Da sette anni cura quel miracolo di colori, acqua e luce che ogni primavera si rinnova intorno alla dimora del grande pittore impressionista. Un giardino che con spirito visionario Monet non solo ha creato dal nulla ma di cui si è occupato personalmente nei minimi dettagli. «Modellava la natura per costruire i suoi quadri», racconta Claire- Hélène. «I gerani rossi e rosa davanti alla casa sono quelli che scelse il pittore, così come i nasturzi arancioni sulla sinistra, le rose rampicanti, i tulipani che costeggiano il viale principale», racconta la giardiniera camminando nel parco dove gironzola solitario Nougat, il gatto bianco del custode.
«Quando è arrivato a Giverny, Monet ha voluto cambiare tutto», ricorda Claire- Hélène.
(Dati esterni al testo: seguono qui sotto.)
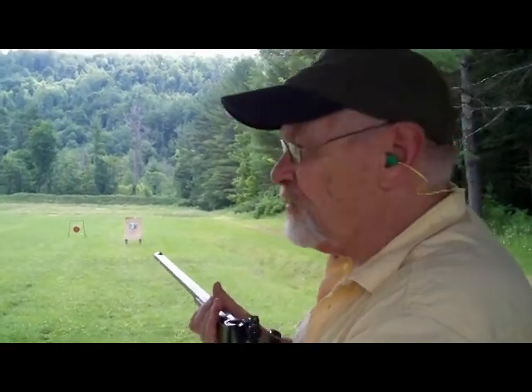This is an 1873 model. I'm using my .38 Special reloads.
Intorno a Le Pressoir, il nucleo originario della casa, chiamato così perché circondato da alberi di mele con cui si produceva il sidro, le aiuole erano state disposte secondo la geometria dei tipici giardini alla francese: troppo ordinati per l’artista impressionista. Pochi sanno che per Giverny si è ispirato ai suoi viaggi nella valle del Sasso e a Bordighera, dove aveva visitato il giardino botanico Moreno, dal nome dell’allora console di Francia. Come scrisse in una lettera alla moglie Alice, aveva scoperto nel Ponente ligure la bellezza di una” natura piantata”, domestica eppur selvaggia. Tornato nel suo clos normand, decide di togliere gli alberi da frutta, alcuni dei pini che filtrano luce, e crea nella parte ovest una serie di appezzamenti in cui sperimentare la coltivazione di specie poco usate all’epoca, come le peonie venute dall’Asia. Accanto al suo atelier, verso est, fa costruire delle serre dove far crescere orchidee.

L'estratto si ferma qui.